Many wetland systems are actively managed for certain ecological responses through application of specific environmental conditions; for example, water-level manipulation. These ecological responses are typically production of food resources (e.g., seeds, tubers, invertebrates) for wetland-dependent wildlife. Development of management prescriptions to maximize food production typically requires a set of manipulative experiments to test wetland response to a variety of different environmental conditions. However, measurements of food resources in wetlands can occur without manipulated experiments by relating (e.g., correlated) resource production to observed environmental conditions. Such an approach does provide some evidence of influential variables relative to production of food resources, but lacks rigor to produce a complete understanding of causal relationships. Therefore, it is crucial for investigators to properly design studies of appropriate rigor to generate knowledge of sufficient scientific quality to meet the study objectives.
When managing wetlands for wildlife-forage resources, characteristic environmental conditions that are frequently tested include frequency and timing of wetland drawdowns (dewater to expose soils and sediments) and flooding that affects soil moisture and temperature; oxygen content in soil and water (i.e., aerobic vs. anaerobic conditions); and nutrient availability (e.g., nitrogen, phosphorus). Typically, investigators collect and measure invertebrate and plant response to (1) determine species composition in response to treatments and (2) estimate available biomass of forage resources. In addition, relative composition, distribution, and variation among studied wetlands of source populations (i.e., seed and egg banks) for food resources are characteristically considered influential on results but not a primary interest in a study. Finally, the wildlife species of interest are enumerated in some manner to evaluate the response to available food resources. Much of this volume is devoted to descriptions and recommendations for collecting ecological field and laboratory data for wetlands. The purpose of this exercise is to develop a hypothetical field study of wetlands including development of experimental treatments, objectives, and testable hypotheses.
A public land manager has developed 16, 10-ha wetland units on the floodplain of major river in the southwestern United States. Each unit has been laser-leveled to (1) allow ease in flooding and draining each unit using water-control structures and (2) create a relatively uniform elevation across each unit. Each unit can be manipulated independently, but up to four adjacent units can be manipulated simultaneously.

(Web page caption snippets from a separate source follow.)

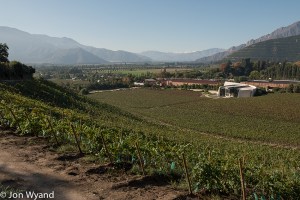 A last look at Errazuriz, for a while....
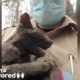 Guy Rescues Kitten From Wildfire  | The Dodo Faith = Restored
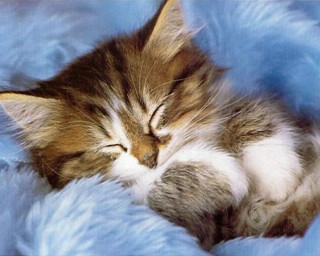 Kitten sleeping blue blanket eyes - a blue blanket free wallpaper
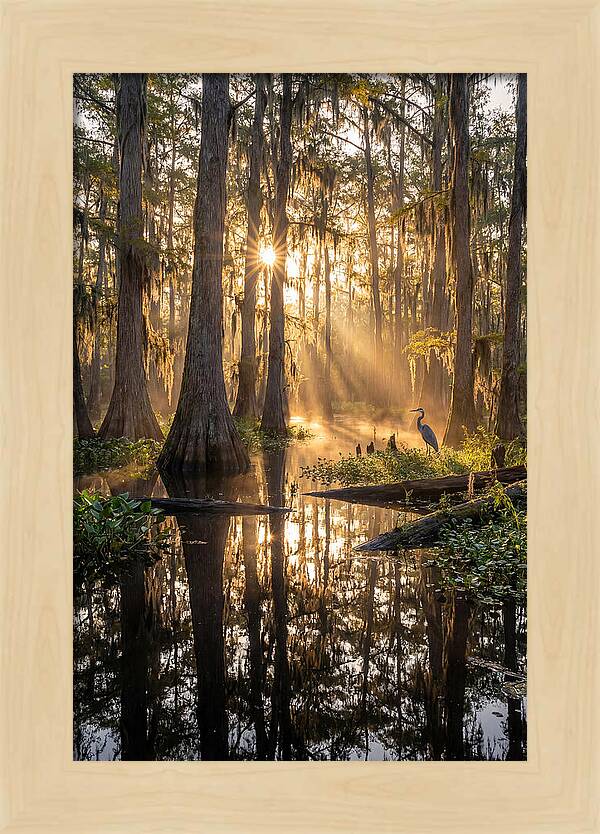 Whispers Of The Cypress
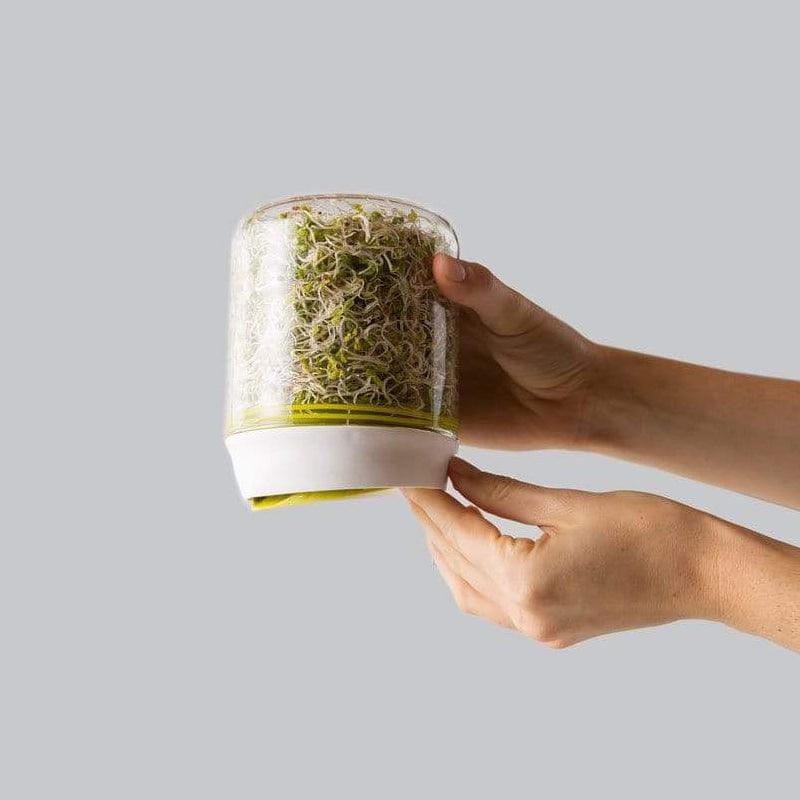 Countertop Sprouter Growing Kit - Waha Lifestyle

The goal of the land manager is to maximize annual production of natural foods for migratory birds, which use the units for migration and wintering.
The four treatments of interest that coincided with availability of water for flooding include a (1) control, (2) early growing-season drawdown, (3) late growing-season drawdown, and (4) early growing-season drawdown with a late growing-season flood to achieve soil field capacity. All wetland units can be flooded at any time during the migratory and wintering period.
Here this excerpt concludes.